27/11/2025
Un’anima buona non smette mai davvero di esserlo. Non importa quante ferite porti addosso, quante delusioni abbia attraversato, quante lacrime abbia versato in silenzio. Rimane buona. Ma cambia.
A un certo punto della vita, qualcosa dentro si spezza. E quell’anima gentile, che ha amato senza misura e perdonato troppo spesso, decide che è il momento di proteggersi. Così, senza fare rumore, inizia a costruire una corazza. Non di rabbia, non di cattiveria… ma di dolore. Una corazza fatta di notti insonni, di parole mai dette, di fiducia tradita.

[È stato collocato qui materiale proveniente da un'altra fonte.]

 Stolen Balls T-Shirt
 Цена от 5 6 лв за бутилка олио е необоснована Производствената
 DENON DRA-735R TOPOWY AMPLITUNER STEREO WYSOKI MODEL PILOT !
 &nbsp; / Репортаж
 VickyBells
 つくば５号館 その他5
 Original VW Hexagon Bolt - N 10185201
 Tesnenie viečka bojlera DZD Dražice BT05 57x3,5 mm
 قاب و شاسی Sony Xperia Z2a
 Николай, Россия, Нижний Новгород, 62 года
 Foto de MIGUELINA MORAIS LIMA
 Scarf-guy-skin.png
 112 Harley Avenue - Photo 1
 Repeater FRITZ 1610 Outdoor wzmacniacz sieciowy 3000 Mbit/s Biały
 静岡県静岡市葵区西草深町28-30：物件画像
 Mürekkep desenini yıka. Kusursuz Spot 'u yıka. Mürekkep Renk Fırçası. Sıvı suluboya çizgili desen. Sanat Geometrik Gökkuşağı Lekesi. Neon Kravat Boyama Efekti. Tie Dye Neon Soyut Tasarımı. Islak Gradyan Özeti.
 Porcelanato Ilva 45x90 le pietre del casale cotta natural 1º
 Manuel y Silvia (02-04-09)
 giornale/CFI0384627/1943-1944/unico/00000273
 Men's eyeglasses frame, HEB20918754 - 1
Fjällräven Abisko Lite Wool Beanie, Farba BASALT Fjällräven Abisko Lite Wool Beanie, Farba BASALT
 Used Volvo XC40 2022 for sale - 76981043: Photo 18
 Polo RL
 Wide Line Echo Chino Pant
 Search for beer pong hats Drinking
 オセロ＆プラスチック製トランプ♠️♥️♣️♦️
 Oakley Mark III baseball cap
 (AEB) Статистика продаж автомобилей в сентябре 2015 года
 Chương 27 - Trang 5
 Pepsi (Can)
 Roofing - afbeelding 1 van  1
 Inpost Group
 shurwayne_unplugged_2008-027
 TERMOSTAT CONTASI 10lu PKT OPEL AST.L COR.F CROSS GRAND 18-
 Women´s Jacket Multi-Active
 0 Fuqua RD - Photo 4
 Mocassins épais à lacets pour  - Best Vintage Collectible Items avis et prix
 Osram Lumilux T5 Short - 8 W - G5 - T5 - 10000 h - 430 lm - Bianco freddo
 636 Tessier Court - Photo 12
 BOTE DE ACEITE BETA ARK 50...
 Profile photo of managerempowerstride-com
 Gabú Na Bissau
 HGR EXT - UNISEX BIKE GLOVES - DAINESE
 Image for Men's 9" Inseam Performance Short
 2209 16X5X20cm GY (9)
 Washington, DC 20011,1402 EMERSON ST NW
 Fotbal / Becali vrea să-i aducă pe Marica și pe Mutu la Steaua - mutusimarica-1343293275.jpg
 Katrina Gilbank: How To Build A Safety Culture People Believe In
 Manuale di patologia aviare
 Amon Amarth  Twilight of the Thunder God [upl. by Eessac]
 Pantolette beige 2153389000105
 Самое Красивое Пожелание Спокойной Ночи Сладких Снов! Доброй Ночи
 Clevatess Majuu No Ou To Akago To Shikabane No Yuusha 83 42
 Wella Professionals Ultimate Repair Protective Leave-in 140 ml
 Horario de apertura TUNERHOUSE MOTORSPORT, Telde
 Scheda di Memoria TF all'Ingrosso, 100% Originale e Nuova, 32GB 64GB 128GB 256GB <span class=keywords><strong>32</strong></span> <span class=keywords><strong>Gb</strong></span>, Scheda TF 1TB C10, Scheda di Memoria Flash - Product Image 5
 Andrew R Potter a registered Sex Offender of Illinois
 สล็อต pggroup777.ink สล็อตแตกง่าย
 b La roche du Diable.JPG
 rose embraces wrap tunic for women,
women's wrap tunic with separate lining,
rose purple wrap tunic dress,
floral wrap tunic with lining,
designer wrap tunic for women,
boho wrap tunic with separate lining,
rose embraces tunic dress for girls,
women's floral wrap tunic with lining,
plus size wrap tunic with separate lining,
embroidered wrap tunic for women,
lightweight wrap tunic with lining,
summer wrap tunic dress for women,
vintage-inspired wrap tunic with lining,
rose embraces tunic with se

Diventa più silenziosa, più diffidente. Guarda il mondo con occhi diversi. Non è più quella che sorride a tutti, che tende la mano per prima, che resta anche quando viene ignorata. È sempre buona, ma ha imparato a non lasciarsi più calpestare.
Non diventerà mai cattiva. Ma non si farà più ingannare. E quella luce negli occhi, così pura e trasparente, ora brilla in modo diverso. Come una stella che ha imparato a nascondere la sua luce dietro le nuvole.
Perché anche la bontà, se troppo ferita, sceglie il silenzio. Ma non muore. Mai.